Supplied material:

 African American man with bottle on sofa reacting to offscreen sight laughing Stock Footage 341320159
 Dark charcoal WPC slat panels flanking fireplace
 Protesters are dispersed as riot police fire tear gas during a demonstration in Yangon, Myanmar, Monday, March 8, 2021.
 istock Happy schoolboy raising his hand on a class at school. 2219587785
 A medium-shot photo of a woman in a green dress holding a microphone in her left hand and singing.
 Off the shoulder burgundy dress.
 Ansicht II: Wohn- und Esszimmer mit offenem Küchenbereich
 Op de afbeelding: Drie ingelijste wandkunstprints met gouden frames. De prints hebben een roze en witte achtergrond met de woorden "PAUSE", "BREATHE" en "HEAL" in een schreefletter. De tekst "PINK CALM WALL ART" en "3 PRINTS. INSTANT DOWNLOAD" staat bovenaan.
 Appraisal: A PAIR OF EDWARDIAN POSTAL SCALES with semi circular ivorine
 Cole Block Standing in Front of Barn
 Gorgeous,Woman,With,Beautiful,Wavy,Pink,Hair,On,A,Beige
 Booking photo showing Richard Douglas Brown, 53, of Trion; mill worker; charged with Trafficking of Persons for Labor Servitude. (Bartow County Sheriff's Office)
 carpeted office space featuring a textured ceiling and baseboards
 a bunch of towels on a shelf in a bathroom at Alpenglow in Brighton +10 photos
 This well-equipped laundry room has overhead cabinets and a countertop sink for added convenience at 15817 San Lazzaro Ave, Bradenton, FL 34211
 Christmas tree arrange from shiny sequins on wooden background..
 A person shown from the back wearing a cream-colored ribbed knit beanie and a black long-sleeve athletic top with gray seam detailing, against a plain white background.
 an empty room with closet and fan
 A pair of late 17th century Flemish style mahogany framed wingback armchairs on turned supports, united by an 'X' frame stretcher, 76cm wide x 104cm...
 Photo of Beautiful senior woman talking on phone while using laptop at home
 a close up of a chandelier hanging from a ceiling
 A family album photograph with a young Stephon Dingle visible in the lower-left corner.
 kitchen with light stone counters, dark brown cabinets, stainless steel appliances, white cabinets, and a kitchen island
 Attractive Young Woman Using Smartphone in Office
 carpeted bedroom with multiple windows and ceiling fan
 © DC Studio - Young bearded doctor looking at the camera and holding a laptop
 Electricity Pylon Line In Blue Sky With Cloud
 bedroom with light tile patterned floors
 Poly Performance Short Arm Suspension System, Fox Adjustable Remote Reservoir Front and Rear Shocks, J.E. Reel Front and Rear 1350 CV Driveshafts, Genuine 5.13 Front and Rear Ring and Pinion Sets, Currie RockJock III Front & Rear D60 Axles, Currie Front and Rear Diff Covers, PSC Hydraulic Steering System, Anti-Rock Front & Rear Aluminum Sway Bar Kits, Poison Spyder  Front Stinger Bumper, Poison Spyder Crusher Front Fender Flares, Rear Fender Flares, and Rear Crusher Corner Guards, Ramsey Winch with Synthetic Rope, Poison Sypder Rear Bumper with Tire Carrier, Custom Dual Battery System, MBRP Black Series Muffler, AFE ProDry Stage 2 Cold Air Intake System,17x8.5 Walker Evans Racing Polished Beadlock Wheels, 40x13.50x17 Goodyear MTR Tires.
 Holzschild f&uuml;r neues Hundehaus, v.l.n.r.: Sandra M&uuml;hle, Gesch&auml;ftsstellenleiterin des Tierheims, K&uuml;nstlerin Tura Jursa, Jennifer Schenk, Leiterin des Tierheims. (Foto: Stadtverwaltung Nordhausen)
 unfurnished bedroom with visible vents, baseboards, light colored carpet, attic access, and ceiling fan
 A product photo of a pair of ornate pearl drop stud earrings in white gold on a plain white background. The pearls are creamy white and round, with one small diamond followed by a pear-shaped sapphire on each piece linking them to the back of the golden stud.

Aim of the task:
Which lines of the data contain the string "cabinets"? Copy each one.

Solution to the exercise:
 This well-equipped laundry room has overhead cabinets and a countertop sink for added convenience at 15817 San Lazzaro Ave, Bradenton, FL 34211
 kitchen with light stone counters, dark brown cabinets, stainless steel appliances, white cabinets, and a kitchen island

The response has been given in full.